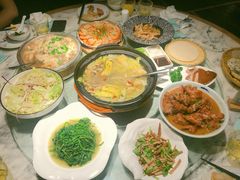 -梁家大院•农家菜(昆山会展中心店)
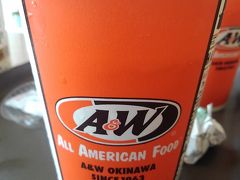 那覇空港の駐車場は混んでいる事が多いため早めに家を出ました。幸い今回はスムーズ駐車できたのでちょっと時間があきました。那覇空港のANAラウンジは狭いため、エンダー（A&Wを沖縄県民はこう呼ぶ）で時間つぶしです。
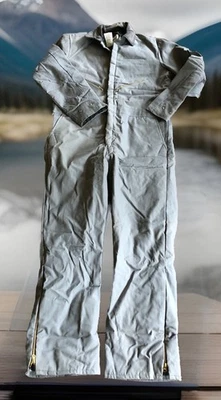Monos grises aislados Walls Blizzard Pruf XL ropa de trabajo alta Foto 1 de 4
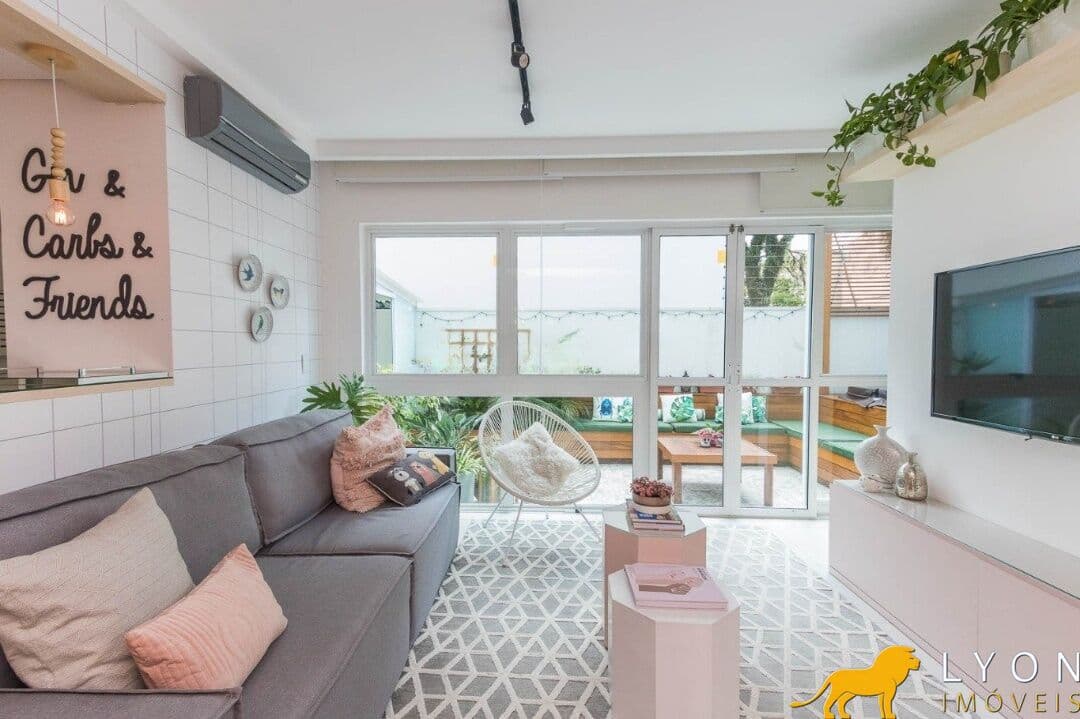 Lyon Imóveis vende apartamento com 78m² no bairro Mont Serrat.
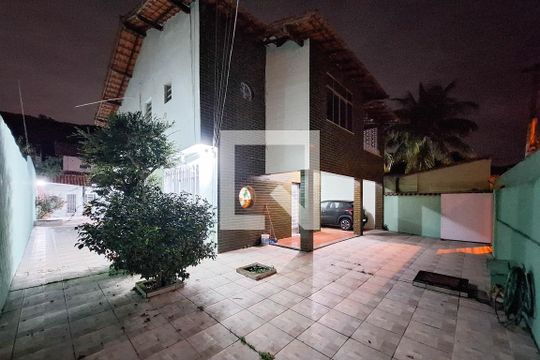 Quintal de casa para alugar com 4 quartos, 360m² em Cafubá, Niterói
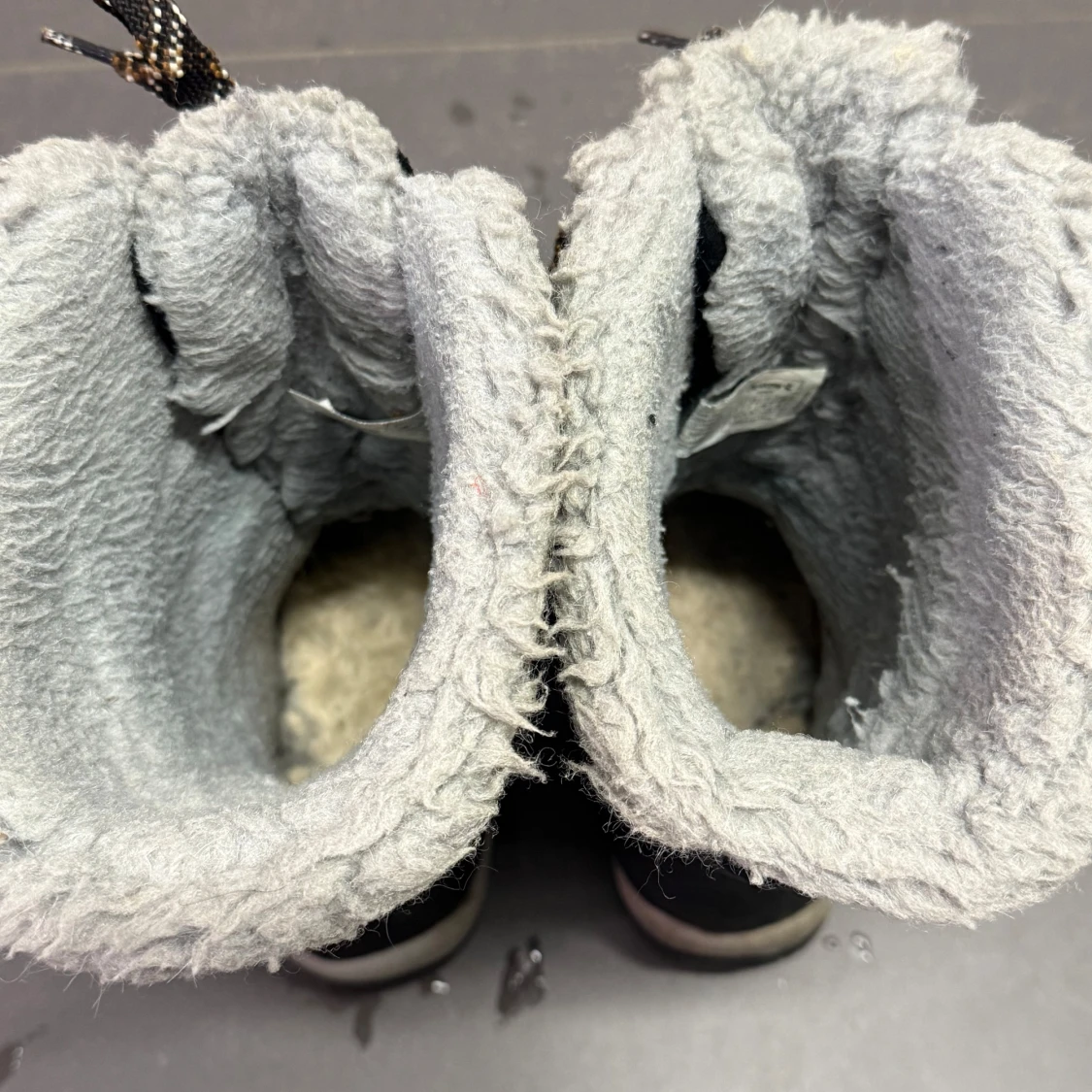 Svarta vattentäta vinterstövlar Bearpaw - 2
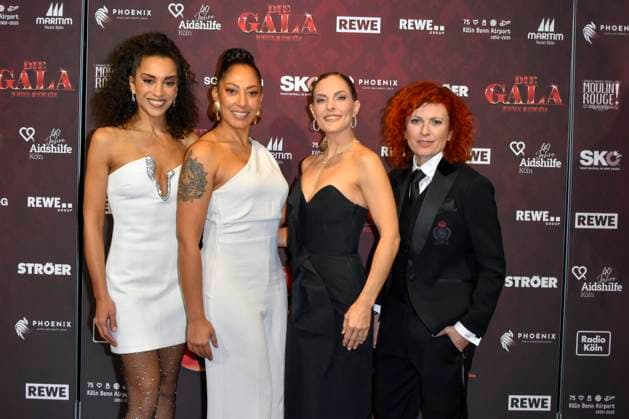 ABBkoeln: No Angels, Nadja Benaissa, Lucy Diakovska, Sandy Mölling Moelling Jessica Wahls zu Gast auf dem roten Teppich bei der Charity Aids Gala im Musical Dome Koeln am 01.12.2025 NRW Deutschland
++++++++++
→ **Task to complete**
In the listing above, find the line containing "Monos grises aislados" and the line containing "Svarta vattentäta vinterstövlar Bearpaw - 2". Print those two lines and every line between them exactly, with no pictures.

→ **Task solution**
Monos grises aislados Walls Blizzard Pruf XL ropa de trabajo alta Foto 1 de 4
 Lyon Imóveis vende apartamento com 78m² no bairro Mont Serrat.
 Quintal de casa para alugar com 4 quartos, 360m² em Cafubá, Niterói
 Svarta vattentäta vinterstövlar Bearpaw - 2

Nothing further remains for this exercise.